The Facts about Driver Distraction

July 24, 2014

Driving is one of the most dangerous things that people do almost every day and often without even thinking about it. The power a car has and the potential damage it can cause are rarely more than a passing concern for most drivers as the act of driving has become habit. Concentration though should be the prevalent force whenever you’re behind the wheel. Drivers who try to divide their attention or allow themselves to be distracted are at high risk of being involved in a serious accident.

A study carried out by the National Highway Traffic Safety Administration found that 22% of crashes could be caused by driver distraction and it also showed drivers who tries to carry out a secondary task whilst behind the wheel were up to three times more likely to crash.

Brake and Direct Line have also carried out research which shows that the more complex the task, the higher the risk with drivers regularly putting themselves in danger through using hands-free phones, texting, using social media, eating, drinking or even setting the satnav or other in-car devices. Most drivers are also unable to measure the level of distraction they’re suffering until it is too late and American research has also found that 98% of drivers are unable to divide their attention without a marked deterioration in their driving performance.

Driver Distraction

Types of Driver Distraction

The Royal Society for the Prevention of Accidents divide distraction types into four categories:

  • Auditory – when a sound distracts the driver from making good use of their hearing for driving purposes
  • Cognitive – when the driver is focused on something mentally that isn’t the task of driving the vehicle
  • Visual – when the driver sees an object or person that takes their eyes away from the driving environment and road ahead
  • Biomechanical – when a driver is doing something physical which means they’re not focused on the road, such as holding an item or reaching for something

Though some of these types of distraction are more difficult to prove than others they can all be used positively in a case to find a driver negligent where a compensation claim has been raised. You don’t want to be that driver who knows they weren’t focusing on the road and therefore all devices and elements which could be distracting should be out of reach.

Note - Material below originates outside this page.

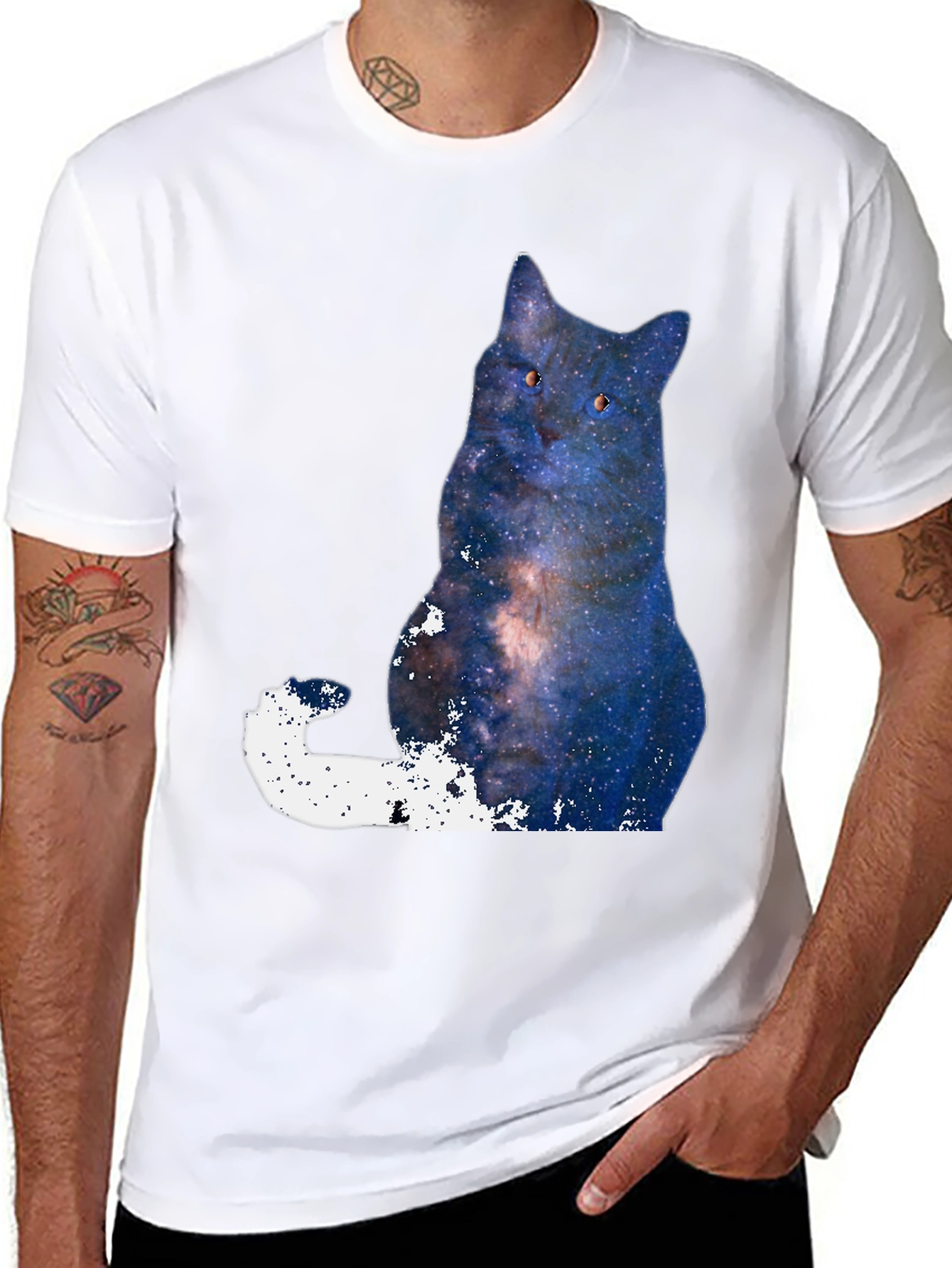 Black Galaxy Cat Graphic T-Shirt - Men's Black Tee view 8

Distractions can be other things such as children or passengers but where the behaviour is intrusive, parking up sensibly is the best option rather than risking all your lives and the lives of other road users.

Many road traffic accidents result in one party claiming for compensation and in many instances the statement that ‘I just didn’t see them’ is down to driver distraction and puts the negligent party in a difficult position. A professional personal injury solicitor will assess all evidence and ensure that the maximum compensation is paid to their clients, where negligence of the other party can be proven.